2. Grip the octopus and dip the tentacles into the simmering liquid 2–3 times to curl, then submerge, reduce heat to maintain a bare simmer, and cook partially covered until tender when a skewer slides into the thickest part with little resistance, 45–60 minutes.

3. Turn off the heat and let it cool in the liquid for 20–30 minutes, then lift it out, peel away any loose skin if desired, pat dry, and cut into 0.5-inch pieces; transfer to a mixing bowl.

4. Whisk the extra-virgin olive oil, fresh lemon juice, kosher salt, black pepper, and garlic in a small bowl until emulsified.

5. Add the celery and flat-leaf parsley to the bowl with the cut seafood, pour over the dressing, and toss to coat evenly.

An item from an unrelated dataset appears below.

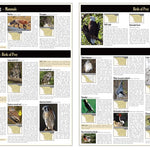 Southern WI All-Outdoors Atlas & Field Guide pg. 042-043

6. Let the salad stand 20–30 minutes at cool room temperature to meld flavors, then taste and adjust seasoning with more salt or lemon if needed before serving slightly cool or at room temperature.

Octopus salad is a bright, clean-tasting seafood dish that balances tender, gently cooked octopus with a vibrant lemon-and-olive-oil dressing. The texture is silky yet pleasantly firm, set against the fresh crunch of celery and the herbal lift of parsley. Its appeal lies in its simplicity: a few good ingredients, handled carefully, that let the natural sweetness of the octopus shine.

Rooted in the Mediterranean, this salad is especially associated with Italy’s coastal regions, where it appears at seaside trattorie and on holiday tables. In Campania, Puglia, and Liguria, cooks typically simmer octopus until just tender, cool it in its broth, and dress it minimally to showcase the catch. Over time, regional touches—like adding potatoes, olives, or capers—have appeared, but the core remains a straightforward marriage of pristine seafood and citrusy olive oil.